Topwater Bass Fishing
For bass, warm water and insect hatches add up to fantastic fishing on the surface, using topwater lures to plop, sputter, dance and weave above their heads, sending bass into a fury. The combination of sound, movement, wake and bubble trail definitely get their attention. But then, when you stop your lure and let it sit above their noses, daring them to strike, even the biggest bass lose their cool. They slurp, gulp and oftentimes explode, crashing up through the edge where air meets water. Heck, sometimes, they even leap out of the water, and nail your bait on the way back down!
While all topwaters are effective–and undoubtedly seem to provoke larger bass into striking–all lures are not equal in all circumstances.

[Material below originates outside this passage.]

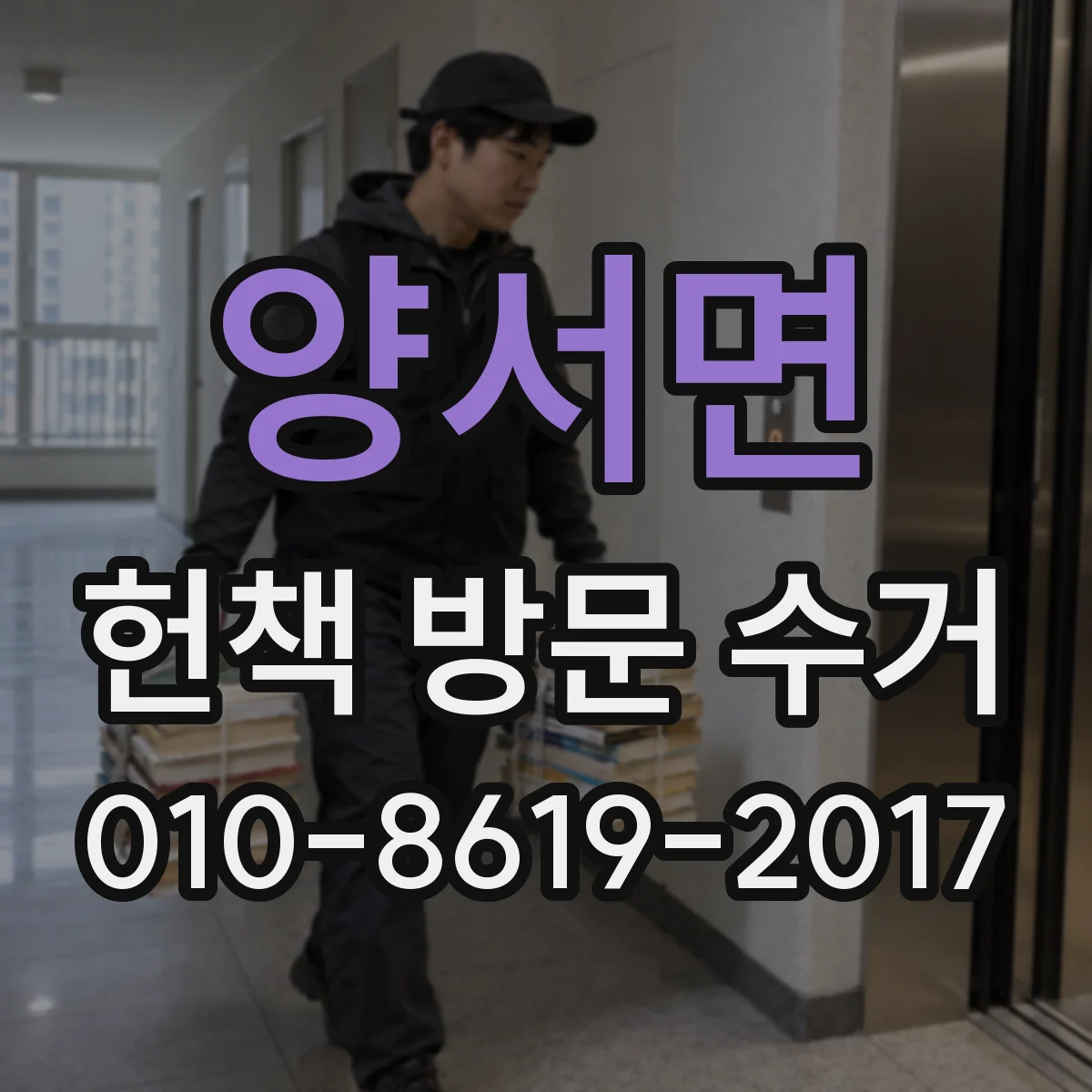 양서면 헌책 방문 수거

Each style of topwater has its own unique combination of attributes that drive bass wild.
Poppers have concave noses that create a surprisingly loud “bloop” when you aggressively twitch your rod tip. They call fish from a distance; give ’em time to find your bait between pops and plops. Remember, the commotion attracts, but the pause between is deadly for triggering strikes.

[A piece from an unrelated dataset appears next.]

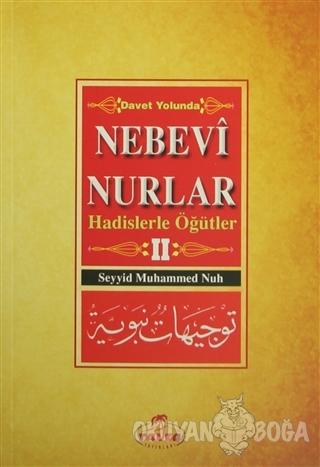 Davet Yolunda Nebevi Nurlar 2 - Seyyid Muhammed Nuh - Ravza Yayınları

Prop baits have tiny propellors on one or both ends, creating a “whirring,” sputtering sound and spray when twitched or steadily retrieved. Subtler than a popper, they excel when less is more, meaning when a Purr is better than a KABLOOSH, technically speaking.
Walk-the-dog lures dance side-to-side when you create a cadence of twitch-retrieve-twitch-retrieve, timing your twitches just right to impart action and motion, let the lure glide to one side, and then, just about the time it runs out of steam, twitch it back in the other direction. This style of lure covers more water than poppers and prop baits, great for when big bass are fairly aggressively on on the bite. Also excellent for covering expansive weed flats to locate active biters.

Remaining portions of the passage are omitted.